Quote Originally Posted by CurtisNeeley View Post
Neither Goya's The Nude Maya, or Goya's The Clothed Maya are photographs.
That’s true, neither are photographs. But you were the one who said that, “No great fine art nude has any engagement of sexuality.” This pair of paintings simply shows how specious your statement was.

Of course a nude doesn’t have to engage sexuality: take Frank Sutcliffe’s Water Rats for example. Or it may do so in a confusing manner – is Jock Sturges’ “Marine” sexual or not? (Dare I mention Nan Goldin’s “Klara and Edda belly-dancing”?) But engaging sexuality is always an option when working with nudes.

Quote Originally Posted by CurtisNeeley View Post
I like neither.
OK, you like neither: I like both. We’re both right.

Quote Originally Posted by CurtisNeeley View Post
The nude Maja is not even a FigureNUDE painting because Maja is interacting with the viewer.
All successful art interacts with the viewer in that it triggers an emotional response of some sort.

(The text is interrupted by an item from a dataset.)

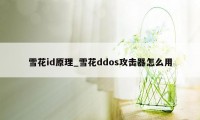 雪花id原理_雪花ddos攻击器怎么用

To proclaim a rule that nudes should not interact with the viewer is as equally specious as claiming that, “No great fine art nude has any engagement of sexuality.” You may prefer work that follows this rule: that’s fine, but it’s just an opinion not a rule.

Quote Originally Posted by CurtisNeeley View Post
Neither of them seem to have much of a sexual purpose in my opinion. Who knows? I bet they may have in 1800? I am sure Goya "knew" Maya more than Joseph "knew" Mary before Jesus was born?
I’m not sure what you mean by, “sexual purpose”. The paintings exude sexuality. In fact they were both confiscated by the Spanish Inquisition who considered them to be obscene. So if Goya’s purpose was to celebrate the sexuality of this woman (or women in general) then he certainly succeeded. Indeed, your conclusion that he had a sexual relationship with the model just reinforces this point.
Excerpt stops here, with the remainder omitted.